*TASK OBJECTIVE*: Begin at the line below that has "Carpenter ants can". Stop after the line that has "Linking your BigQuery", repeating each line exactly and leaving out the pictures.

*RECORDS SUPPLIED*:
....
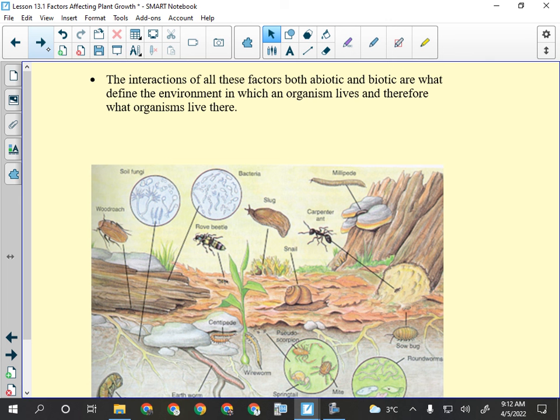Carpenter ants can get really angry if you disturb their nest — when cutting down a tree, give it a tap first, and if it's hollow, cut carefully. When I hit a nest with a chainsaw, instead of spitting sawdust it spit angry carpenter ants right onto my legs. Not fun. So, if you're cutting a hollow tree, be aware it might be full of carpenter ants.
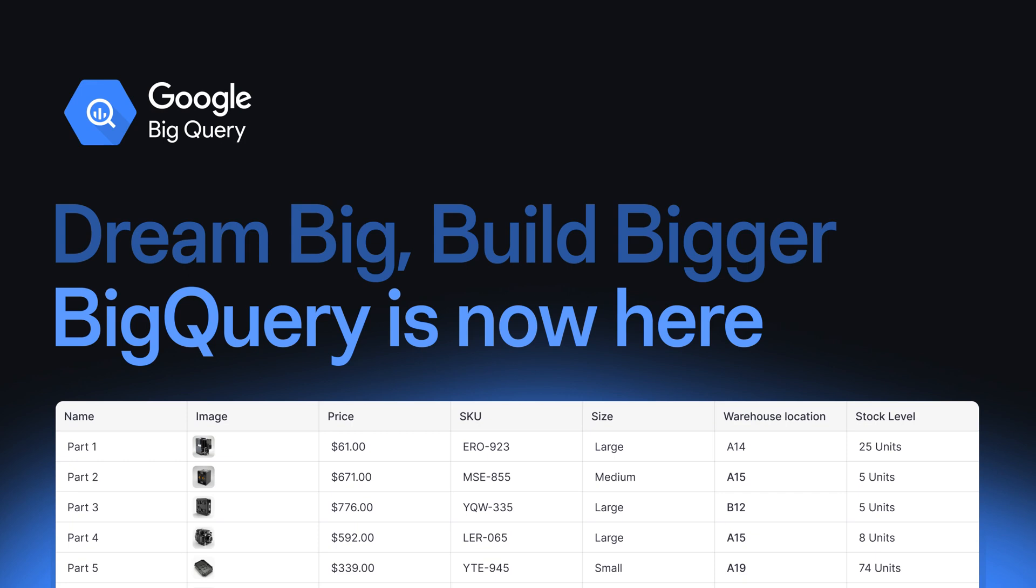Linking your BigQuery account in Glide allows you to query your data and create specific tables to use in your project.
....
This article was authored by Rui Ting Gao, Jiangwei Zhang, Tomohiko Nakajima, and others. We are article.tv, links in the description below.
....
*RESPONSE TO THE EXERCISE*:
Carpenter ants can get really angry if you disturb their nest — when cutting down a tree, give it a tap first, and if it's hollow, cut carefully. When I hit a nest with a chainsaw, instead of spitting sawdust it spit angry carpenter ants right onto my legs. Not fun. So, if you're cutting a hollow tree, be aware it might be full of carpenter ants.
Linking your BigQuery account in Glide allows you to query your data and create specific tables to use in your project.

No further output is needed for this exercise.